**Your instructions:**
As the lines appear below, please set them down exactly, starting at the first and finishing with the one containing "Close-up of a".

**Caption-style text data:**
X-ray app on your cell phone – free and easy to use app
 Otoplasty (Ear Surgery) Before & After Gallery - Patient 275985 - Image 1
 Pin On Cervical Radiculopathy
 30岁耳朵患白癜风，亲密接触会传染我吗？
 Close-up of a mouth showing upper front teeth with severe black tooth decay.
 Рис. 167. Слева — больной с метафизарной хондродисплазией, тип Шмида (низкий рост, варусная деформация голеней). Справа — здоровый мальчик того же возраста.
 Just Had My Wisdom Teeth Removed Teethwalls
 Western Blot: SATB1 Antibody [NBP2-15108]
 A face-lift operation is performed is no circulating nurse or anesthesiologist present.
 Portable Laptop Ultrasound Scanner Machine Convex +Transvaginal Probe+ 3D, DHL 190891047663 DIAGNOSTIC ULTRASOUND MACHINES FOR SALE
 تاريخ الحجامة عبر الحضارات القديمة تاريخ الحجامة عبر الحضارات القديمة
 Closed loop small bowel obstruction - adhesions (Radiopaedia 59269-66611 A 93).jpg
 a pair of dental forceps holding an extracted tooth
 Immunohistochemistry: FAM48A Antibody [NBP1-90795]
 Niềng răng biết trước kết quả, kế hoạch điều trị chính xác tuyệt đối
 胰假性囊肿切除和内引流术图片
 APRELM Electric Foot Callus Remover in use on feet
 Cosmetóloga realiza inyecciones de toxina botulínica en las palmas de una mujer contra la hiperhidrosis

**Exercise solution:**
X-ray app on your cell phone – free and easy to use app
 Otoplasty (Ear Surgery) Before & After Gallery - Patient 275985 - Image 1
 Pin On Cervical Radiculopathy
 30岁耳朵患白癜风，亲密接触会传染我吗？
 Close-up of a mouth showing upper front teeth with severe black tooth decay.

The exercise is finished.